Apesar da repressão comandada pela Ministra de Segurança Patrícia Bullrich, o Governo não pode impedir que milhares de pessoas chegassem à Praça do Congresso para se manifestarem contra a Lei de Bases e o pacote fiscal em debate no Senado. Avançaram sobre os sindicatos, organizações sociais, grupos políticos e grupos auto-organizados que se manifestavam pacificamente contra os megaprojetos do partido no poder.
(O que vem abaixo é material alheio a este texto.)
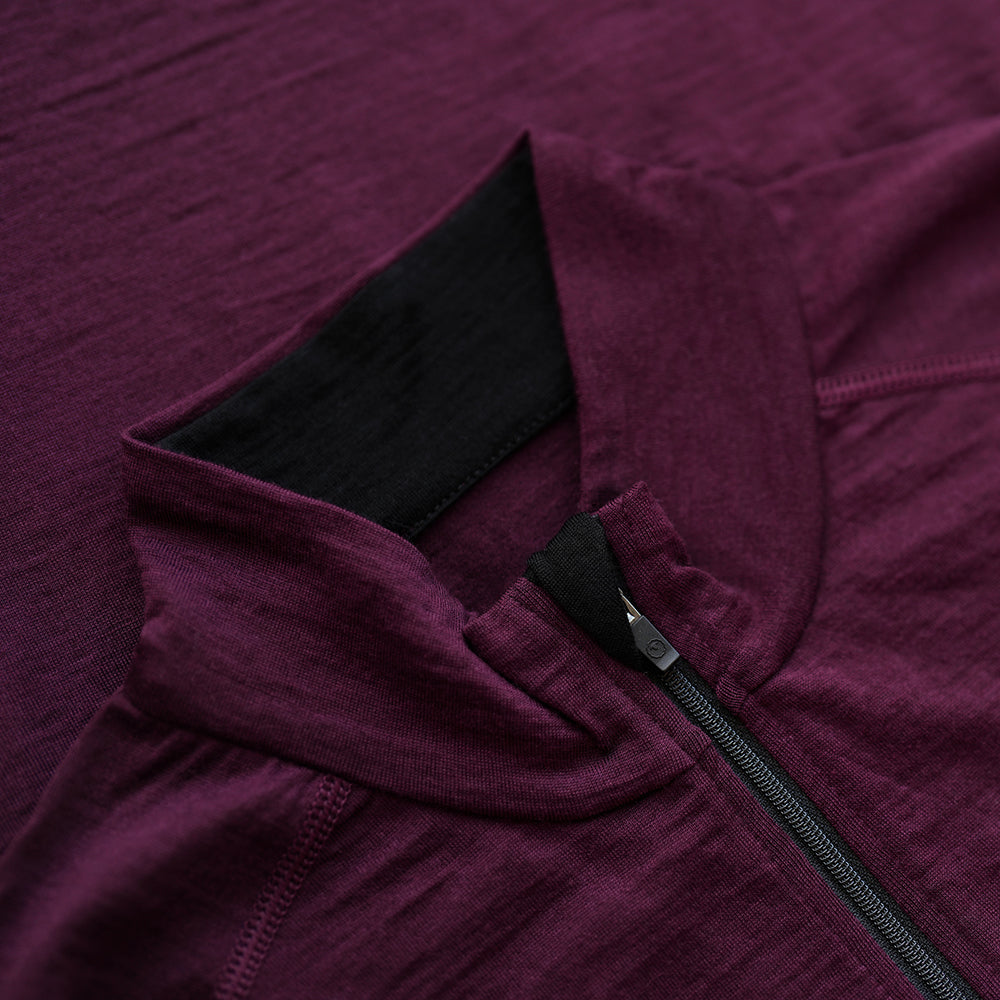 Isobaa | Womens Merino 200 Long Sleeve Zip Neck (Wine) | Experience the best of 200gm Merino wool with this ultimate half-zip top – your go-to for challenging hikes, chilly bike commutes, post-workout layering, and unpredictable weather.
Neste contexto, legisladores da coalizão peronista Unión por la Patria e manifestantes ficaram feridos. A Polícia também fez prisões. As forças policiais atacaram deputados com spray de pimenta. Carlos Castagneto, Leopoldo Moreau e Eduardo Valdés, entre outros, foram afetados.
Papa Francisco recebe e apoia sindicalistas
Já passava da 13h quando a Associação Argentina de Aeronautas divulgou imagens de Francisco posando no Vaticano com Juan Pablo Brey, Verónica Espósito, Horacio Calculli; secretário-geral, deputado e segurança, respectivamente. Os sindicalistas, que tinham em mãos uma bandeira do grupo e outra das Aerolineas Argentinas, entregaram-lhe uma carta que destacava a importância da companhia aérea como instrumento do Estado. Durante a reunião, detalharam, “puderam mostrar a sua preocupação com a difícil situação económica que o país e a indústria aeronáutica atravessam”.